Suppose a study was performed which examined the relationship between attitude toward boxing and life-satisfaction. The attitude toward boxing measured by the following statement on a questionnaire is:
"1. I enjoy watching a good boxing match."
Life-satisfaction is measured with the following statement:
"2. I am pretty much satisfied with my life."
Both items were measured with the following scale.
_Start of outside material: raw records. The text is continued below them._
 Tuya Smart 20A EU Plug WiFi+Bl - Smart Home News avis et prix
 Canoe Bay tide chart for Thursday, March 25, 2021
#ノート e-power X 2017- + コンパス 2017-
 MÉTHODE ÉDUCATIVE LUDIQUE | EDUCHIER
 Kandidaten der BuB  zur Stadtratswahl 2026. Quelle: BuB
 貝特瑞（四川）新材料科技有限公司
1=Strongly Disagree 2=Disagree 3=No Opinion 4=Agree 5=Strongly Agree
The questionnaire was given to N=33 people. The obtained correlation coefficient between these two variables was r = -.30. Because the correlation is negative we conclude that the people who said they enjoyed watching a boxing match were less satisfied with their lives. The corollary, that individuals who said they were satisfied with their lives did not say they enjoyed watching boxing, is also true. On the basis of this evidence the researcher argues that there was a relationship between the two variables.
Before he or she could decide that there was a relationship, however, a hypothesis test had to be performed to negate, or at least make improbable, the hypothesis that the results were due to chance. The ever-present devil's advocate argues that there really is no relationship between the two variables; the obtained correlation was due to chance. In this case chance caused the results. The researcher just happened to select 33 people who had a negative correlation. If another sample were taken, the correlation was just as likely to be positive and just as large. Furthermore, if a sample of infinite size (population) was taken and the correlation coefficient computed, the true correlation coefficient would be 0.0. In order to answer this argument, an hypothesis test is needed.
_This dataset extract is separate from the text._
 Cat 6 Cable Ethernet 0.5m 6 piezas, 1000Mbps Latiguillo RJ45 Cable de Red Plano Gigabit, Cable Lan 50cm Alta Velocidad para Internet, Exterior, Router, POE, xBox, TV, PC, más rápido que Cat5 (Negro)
In a thought experiment, the study is repeated an infinite number of times using the same two questions and a different sample of 33 individuals each time, assumming the null hypothesis is true. Computing the correlation coefficient each time results in a sampling distribution of the correlation coefficient. The correlation coefficients can be graphed in a relative frequency distribution which might be similar to the following:
Note that this distribution looks like a normal distribution. It could not be normal, however, because the scores are limited to the range of -1.0 and 1.0.
Because the sampling distribution of the correlation coefficient has a unique shape, program is used to find values which cut off a given proportion of area. This program is included in this book. to use this program, one must first find the degrees of freedom using the following formula:
df = N - 2
After computing the degrees of freedom, click on the "Find" button:
These are the same values appearing on the sampling distribution of the correlation coefficient presented above. The values appearing in the row corresponding to the degrees of freedom are areas (probabilities) falling below the tail(s) of the distribution. In the above example, .95 area falls between correlations of -.344 and .344 and .99 area between -.442 and .442.
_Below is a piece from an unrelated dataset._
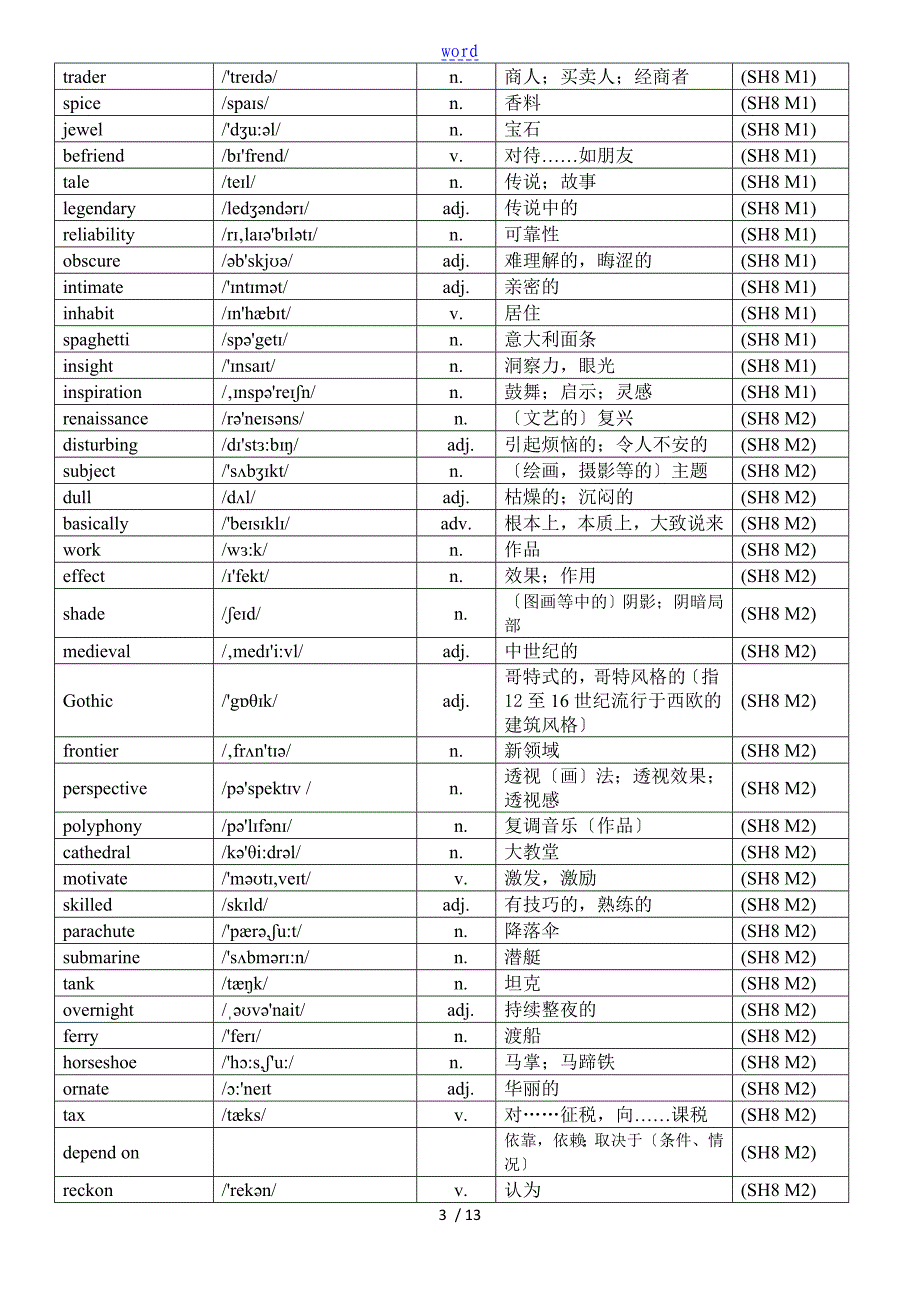 外研版英语选修八(带音标)_第3页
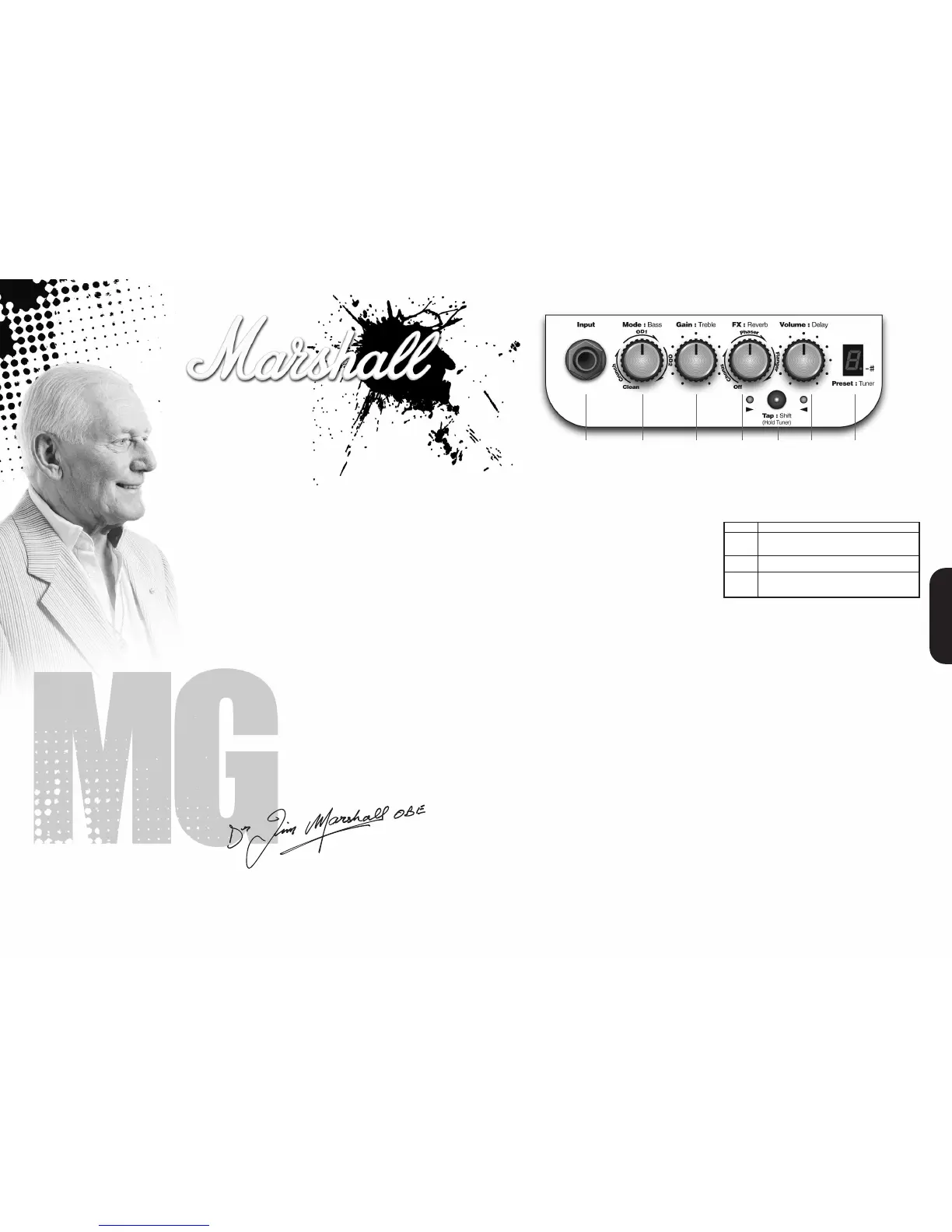 Page #2 background image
The obtained correlation coefficient is now compared with what would be expected given the model created under the Null Hypothesis. In the above example, the value of -.30 falls inside the critical values of -.344 and .344 which were found in the table. Because the obtained correlation coefficient did not fall in the tails of the distribution under the Null Hypothesis, the model and the corresponding null hypothesis must be retained. The model of no effects could explain the results. The correlation coefficient is not significant at the .05 level.
If the obtained correlation coefficient had been -.55, however, the decision would have been different. In this case the obtained correlation is unlikely given the model, because it falls in the tails of the sampling distribution. The model and corresponding null hypothesis are rejected as unlikely and the alternative hypothesis, that of a real effect, accepted. In this case the obtained correlation is said to be significant at the .05 level.